■ EXERCISE INSTRUCTIONS ■
Return only the stretch of the material below that begins with the line containing "2026 BMW X5 xDrive40i's photo" and ends with the line containing "2017 AUDI Q7 PRESTIGE", exactly; both of those lines belong to it.

■ RECORDS FOR THE EXERCISE ■
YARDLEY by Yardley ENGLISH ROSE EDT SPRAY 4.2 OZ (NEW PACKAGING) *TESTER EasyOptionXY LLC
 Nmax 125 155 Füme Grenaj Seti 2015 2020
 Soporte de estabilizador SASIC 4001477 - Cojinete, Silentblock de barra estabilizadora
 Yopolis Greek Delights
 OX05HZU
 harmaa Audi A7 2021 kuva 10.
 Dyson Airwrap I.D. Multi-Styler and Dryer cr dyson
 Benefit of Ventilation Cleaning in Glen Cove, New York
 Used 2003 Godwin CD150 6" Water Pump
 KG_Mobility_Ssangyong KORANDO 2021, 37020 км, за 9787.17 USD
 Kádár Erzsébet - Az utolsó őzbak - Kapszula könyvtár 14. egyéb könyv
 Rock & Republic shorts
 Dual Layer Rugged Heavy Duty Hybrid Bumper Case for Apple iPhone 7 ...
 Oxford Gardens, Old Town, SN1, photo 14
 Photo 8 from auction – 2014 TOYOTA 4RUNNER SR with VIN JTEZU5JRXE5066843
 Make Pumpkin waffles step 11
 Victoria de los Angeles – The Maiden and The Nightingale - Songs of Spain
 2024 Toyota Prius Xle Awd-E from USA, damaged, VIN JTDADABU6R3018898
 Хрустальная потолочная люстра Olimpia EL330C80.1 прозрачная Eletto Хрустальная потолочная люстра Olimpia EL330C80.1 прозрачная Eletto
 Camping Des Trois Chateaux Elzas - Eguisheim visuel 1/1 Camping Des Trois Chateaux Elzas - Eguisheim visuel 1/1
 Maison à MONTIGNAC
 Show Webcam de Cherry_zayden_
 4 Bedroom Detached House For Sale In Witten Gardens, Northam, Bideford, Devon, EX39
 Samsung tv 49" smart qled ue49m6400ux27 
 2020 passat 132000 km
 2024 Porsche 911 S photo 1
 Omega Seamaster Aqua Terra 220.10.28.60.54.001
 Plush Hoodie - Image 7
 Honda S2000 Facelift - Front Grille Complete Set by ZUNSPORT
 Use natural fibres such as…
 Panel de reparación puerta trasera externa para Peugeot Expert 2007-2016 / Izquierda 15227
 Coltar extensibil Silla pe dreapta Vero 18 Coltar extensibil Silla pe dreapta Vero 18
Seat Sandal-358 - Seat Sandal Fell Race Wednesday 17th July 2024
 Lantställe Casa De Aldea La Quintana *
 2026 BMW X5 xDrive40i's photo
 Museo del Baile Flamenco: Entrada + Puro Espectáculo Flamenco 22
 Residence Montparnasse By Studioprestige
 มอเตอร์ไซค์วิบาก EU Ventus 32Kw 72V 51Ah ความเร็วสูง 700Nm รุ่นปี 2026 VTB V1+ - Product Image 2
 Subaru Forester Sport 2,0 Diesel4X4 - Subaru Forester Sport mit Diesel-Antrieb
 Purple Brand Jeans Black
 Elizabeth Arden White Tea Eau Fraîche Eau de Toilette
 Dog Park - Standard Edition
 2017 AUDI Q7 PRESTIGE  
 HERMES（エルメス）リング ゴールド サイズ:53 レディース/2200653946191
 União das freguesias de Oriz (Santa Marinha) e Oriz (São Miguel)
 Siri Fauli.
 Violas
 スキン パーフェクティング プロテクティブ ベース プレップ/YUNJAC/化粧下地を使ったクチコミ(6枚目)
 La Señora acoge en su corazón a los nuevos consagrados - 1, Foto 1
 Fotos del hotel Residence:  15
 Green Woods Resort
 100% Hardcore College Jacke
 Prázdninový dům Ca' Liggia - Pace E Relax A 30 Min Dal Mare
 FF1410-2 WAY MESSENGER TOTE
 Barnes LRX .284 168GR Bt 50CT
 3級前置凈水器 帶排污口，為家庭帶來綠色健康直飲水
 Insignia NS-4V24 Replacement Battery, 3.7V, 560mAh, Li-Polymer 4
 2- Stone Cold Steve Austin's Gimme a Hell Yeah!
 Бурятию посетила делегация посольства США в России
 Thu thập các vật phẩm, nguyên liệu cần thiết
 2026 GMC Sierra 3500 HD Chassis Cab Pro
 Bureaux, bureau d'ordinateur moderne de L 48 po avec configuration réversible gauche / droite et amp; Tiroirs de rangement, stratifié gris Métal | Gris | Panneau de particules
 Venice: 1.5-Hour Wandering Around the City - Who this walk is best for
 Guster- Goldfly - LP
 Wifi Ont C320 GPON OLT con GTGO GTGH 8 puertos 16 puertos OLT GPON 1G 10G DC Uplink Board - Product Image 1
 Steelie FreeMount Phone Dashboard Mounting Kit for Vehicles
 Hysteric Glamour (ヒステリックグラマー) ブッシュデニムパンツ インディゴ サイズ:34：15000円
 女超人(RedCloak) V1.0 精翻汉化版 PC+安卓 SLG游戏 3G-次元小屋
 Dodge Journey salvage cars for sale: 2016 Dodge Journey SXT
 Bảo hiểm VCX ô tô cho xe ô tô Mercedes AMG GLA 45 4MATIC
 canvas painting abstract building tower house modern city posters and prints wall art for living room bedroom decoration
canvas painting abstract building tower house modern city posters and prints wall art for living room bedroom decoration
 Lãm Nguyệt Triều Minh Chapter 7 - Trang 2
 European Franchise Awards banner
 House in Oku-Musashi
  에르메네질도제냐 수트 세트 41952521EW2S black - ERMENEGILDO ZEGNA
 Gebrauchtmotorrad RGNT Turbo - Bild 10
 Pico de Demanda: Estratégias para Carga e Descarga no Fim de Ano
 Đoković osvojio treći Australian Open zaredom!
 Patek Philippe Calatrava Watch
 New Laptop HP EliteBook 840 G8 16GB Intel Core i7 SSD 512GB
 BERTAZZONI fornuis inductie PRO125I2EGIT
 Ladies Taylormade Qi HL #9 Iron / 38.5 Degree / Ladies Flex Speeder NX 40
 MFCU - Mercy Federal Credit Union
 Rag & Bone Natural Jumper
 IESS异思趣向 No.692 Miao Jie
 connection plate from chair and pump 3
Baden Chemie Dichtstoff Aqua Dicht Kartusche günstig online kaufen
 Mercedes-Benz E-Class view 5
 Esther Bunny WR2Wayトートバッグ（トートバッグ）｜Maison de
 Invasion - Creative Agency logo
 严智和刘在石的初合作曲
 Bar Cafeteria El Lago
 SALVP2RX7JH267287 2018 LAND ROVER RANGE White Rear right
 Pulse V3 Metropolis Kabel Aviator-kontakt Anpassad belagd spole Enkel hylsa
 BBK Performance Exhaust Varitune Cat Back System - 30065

■ OUTPUT BELOW ■
 2026 BMW X5 xDrive40i's photo
 Museo del Baile Flamenco: Entrada + Puro Espectáculo Flamenco 22
 Residence Montparnasse By Studioprestige
 มอเตอร์ไซค์วิบาก EU Ventus 32Kw 72V 51Ah ความเร็วสูง 700Nm รุ่นปี 2026 VTB V1+ - Product Image 2
 Subaru Forester Sport 2,0 Diesel4X4 - Subaru Forester Sport mit Diesel-Antrieb
 Purple Brand Jeans Black
 Elizabeth Arden White Tea Eau Fraîche Eau de Toilette
 Dog Park - Standard Edition
 2017 AUDI Q7 PRESTIGE  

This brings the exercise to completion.